»»
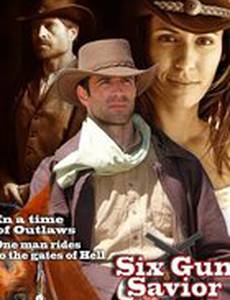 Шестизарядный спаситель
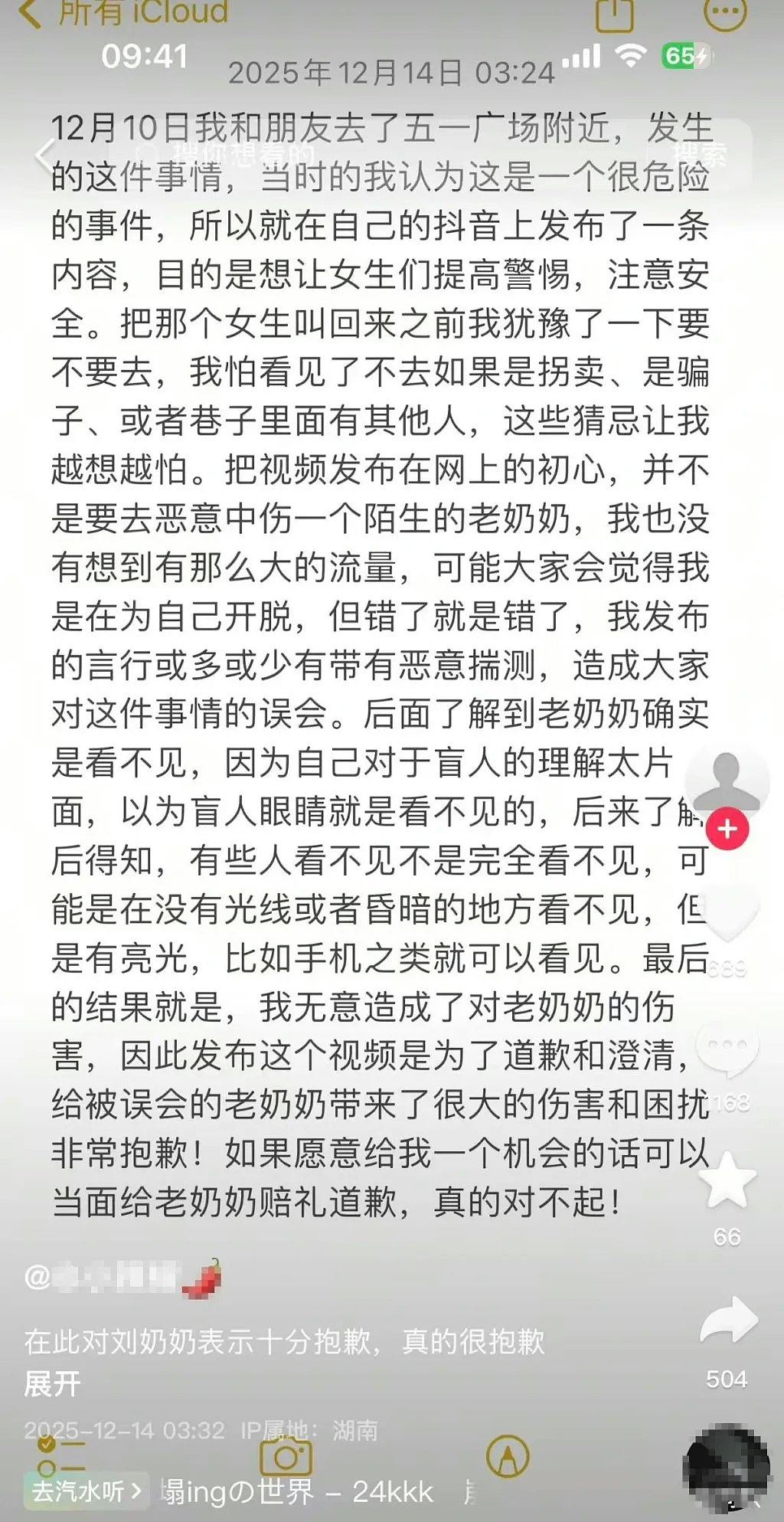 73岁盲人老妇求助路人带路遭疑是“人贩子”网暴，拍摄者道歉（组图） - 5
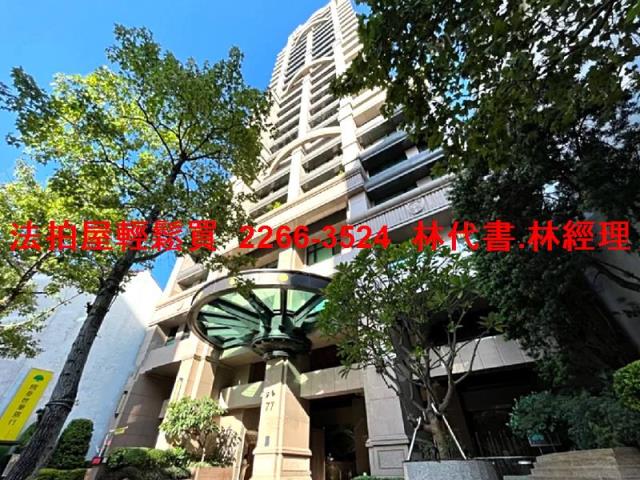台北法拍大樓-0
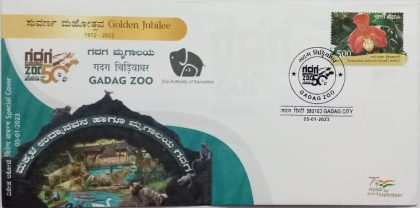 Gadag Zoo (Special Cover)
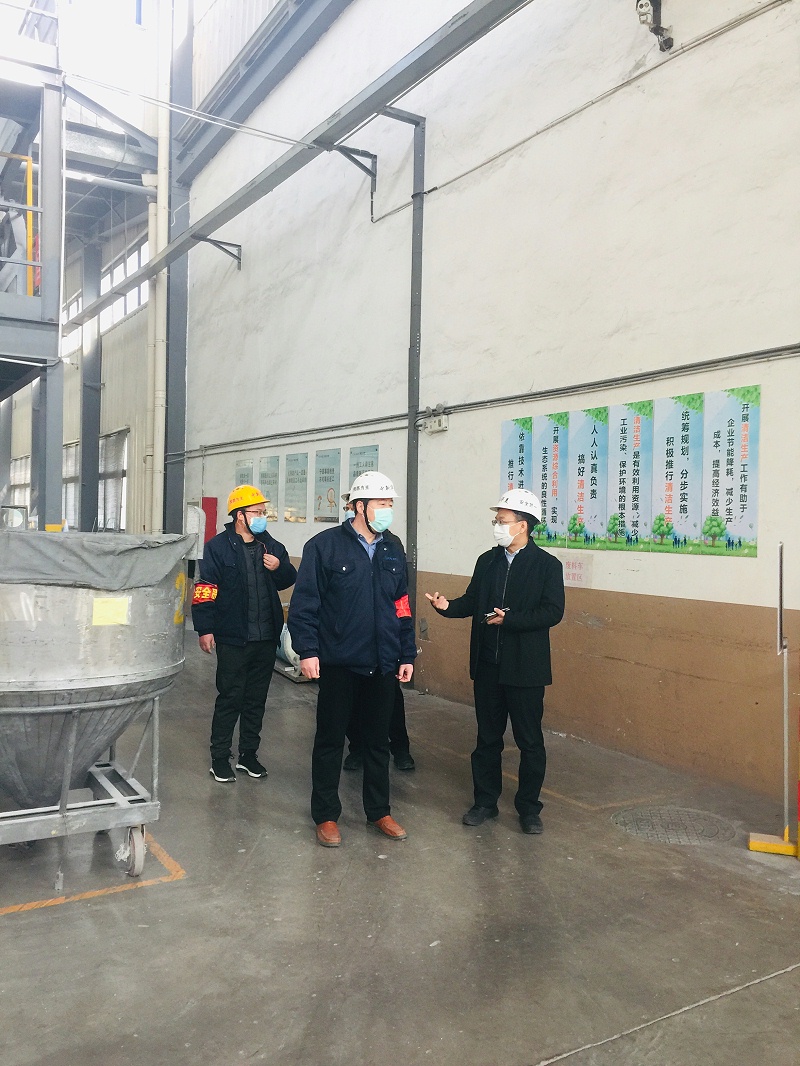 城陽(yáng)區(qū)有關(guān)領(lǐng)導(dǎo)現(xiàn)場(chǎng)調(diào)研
««
»»
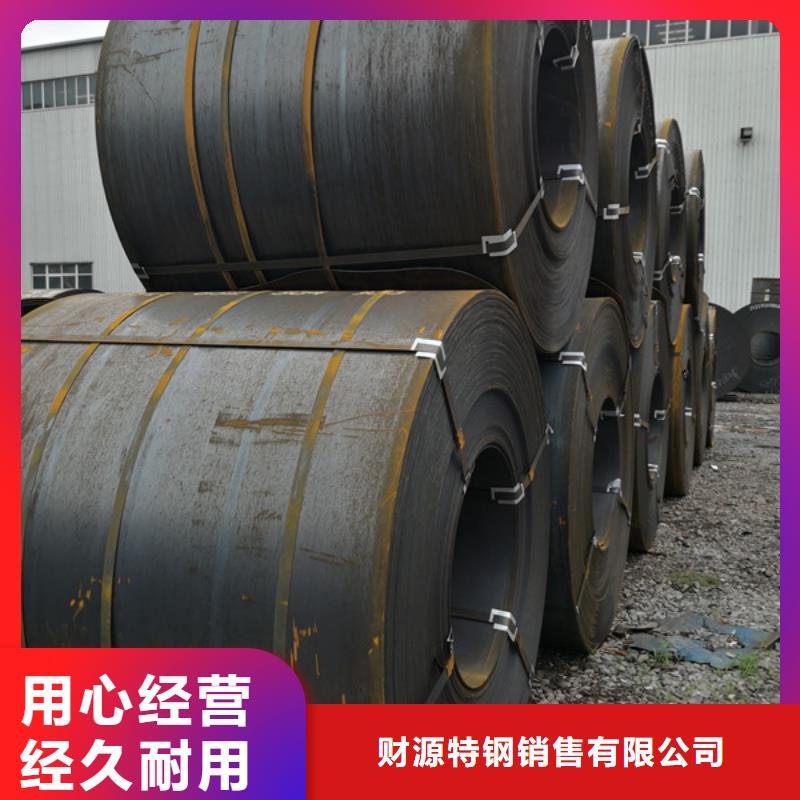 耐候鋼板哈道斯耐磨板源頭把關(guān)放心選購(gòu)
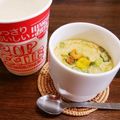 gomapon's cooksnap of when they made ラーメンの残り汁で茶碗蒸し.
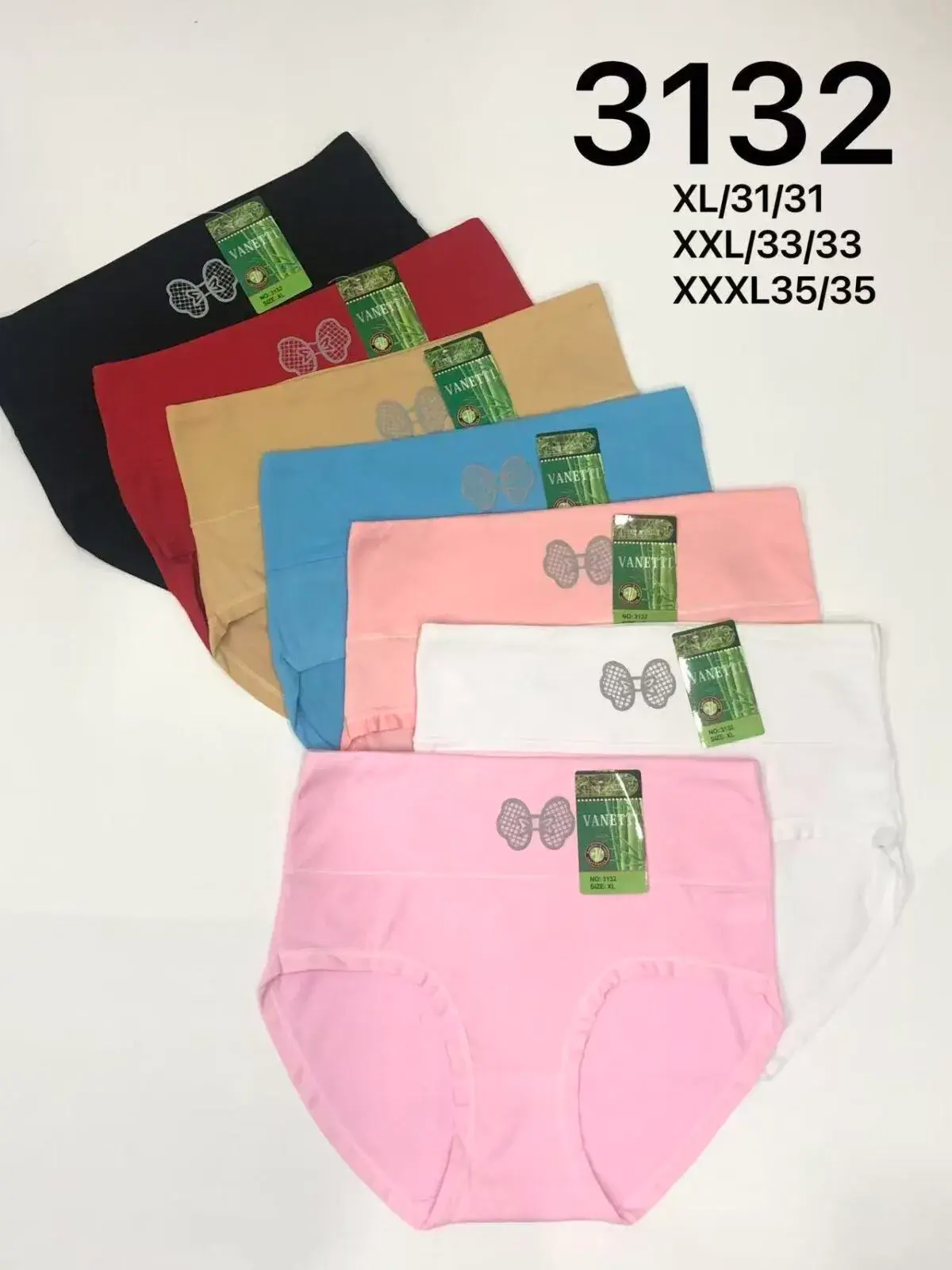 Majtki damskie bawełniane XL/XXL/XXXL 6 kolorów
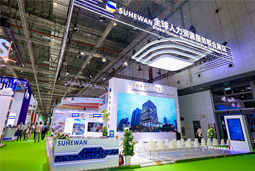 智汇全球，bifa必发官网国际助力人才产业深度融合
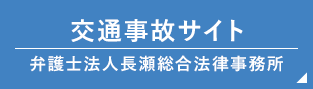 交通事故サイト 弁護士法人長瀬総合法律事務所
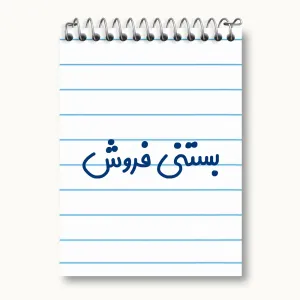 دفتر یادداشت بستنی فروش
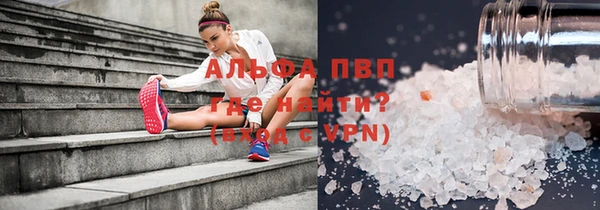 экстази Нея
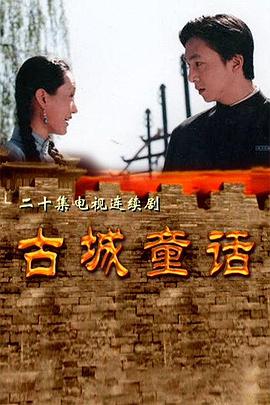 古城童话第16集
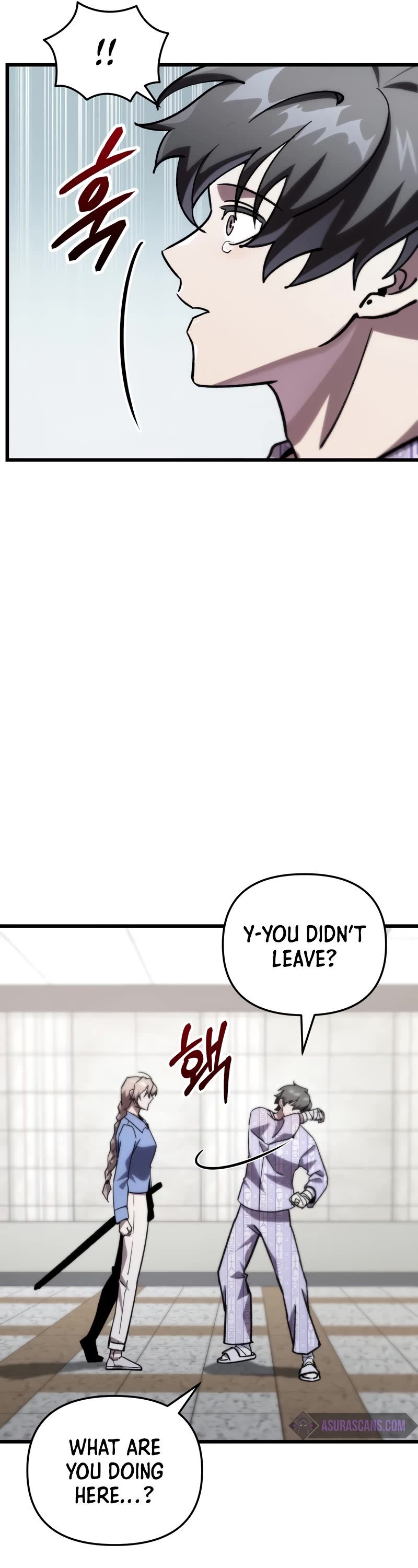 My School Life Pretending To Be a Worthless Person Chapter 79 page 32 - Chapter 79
««
»»
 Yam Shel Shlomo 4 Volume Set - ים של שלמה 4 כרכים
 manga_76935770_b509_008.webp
««
AIM OF THE EXERCISE | Using the entries above, reproduce word for word only the lines from the one that contains "دفتر یادداشت بستنی فروش" to the one that contains "My School Life", both ends included, and drop every picture.

EXERCISE SOLUTION |
 دفتر یادداشت بستنی فروش
 экстази Нея
 古城童话第16集
 My School Life Pretending To Be a Worthless Person Chapter 79 page 32 - Chapter 79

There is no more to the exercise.